------ Data below

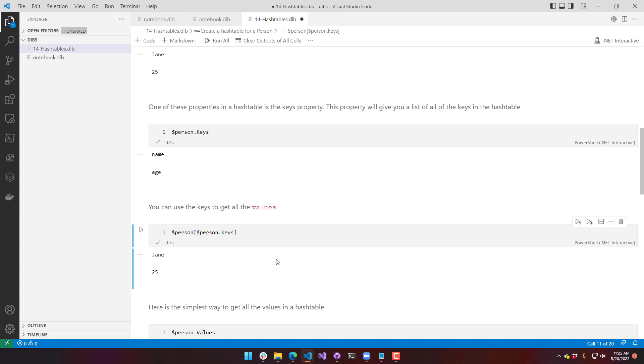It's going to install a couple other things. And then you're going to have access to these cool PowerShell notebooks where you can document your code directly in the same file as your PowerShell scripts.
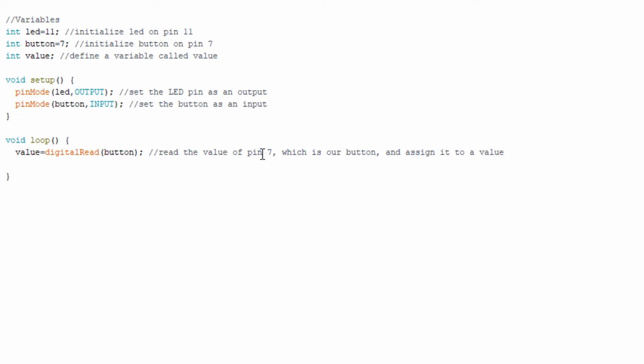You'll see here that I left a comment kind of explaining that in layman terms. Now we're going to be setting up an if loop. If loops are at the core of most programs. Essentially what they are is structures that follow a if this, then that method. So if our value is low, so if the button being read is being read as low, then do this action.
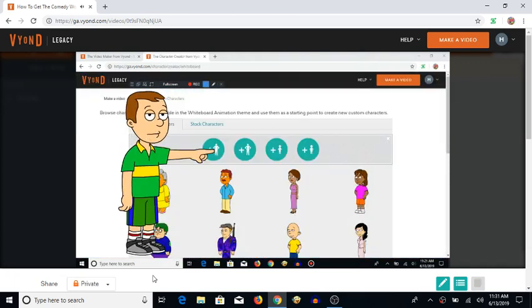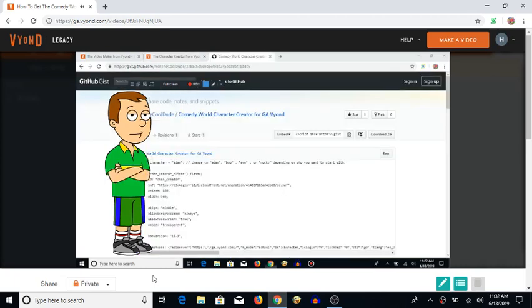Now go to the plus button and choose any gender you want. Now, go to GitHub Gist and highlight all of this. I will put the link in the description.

------------

* Exercise: The whole listing above is to be repeated exactly, apart from its pictures.

* Output of the task:
It's going to install a couple other things. And then you're going to have access to these cool PowerShell notebooks where you can document your code directly in the same file as your PowerShell scripts.
You'll see here that I left a comment kind of explaining that in layman terms. Now we're going to be setting up an if loop. If loops are at the core of most programs. Essentially what they are is structures that follow a if this, then that method. So if our value is low, so if the button being read is being read as low, then do this action.
Now go to the plus button and choose any gender you want. Now, go to GitHub Gist and highlight all of this. I will put the link in the description.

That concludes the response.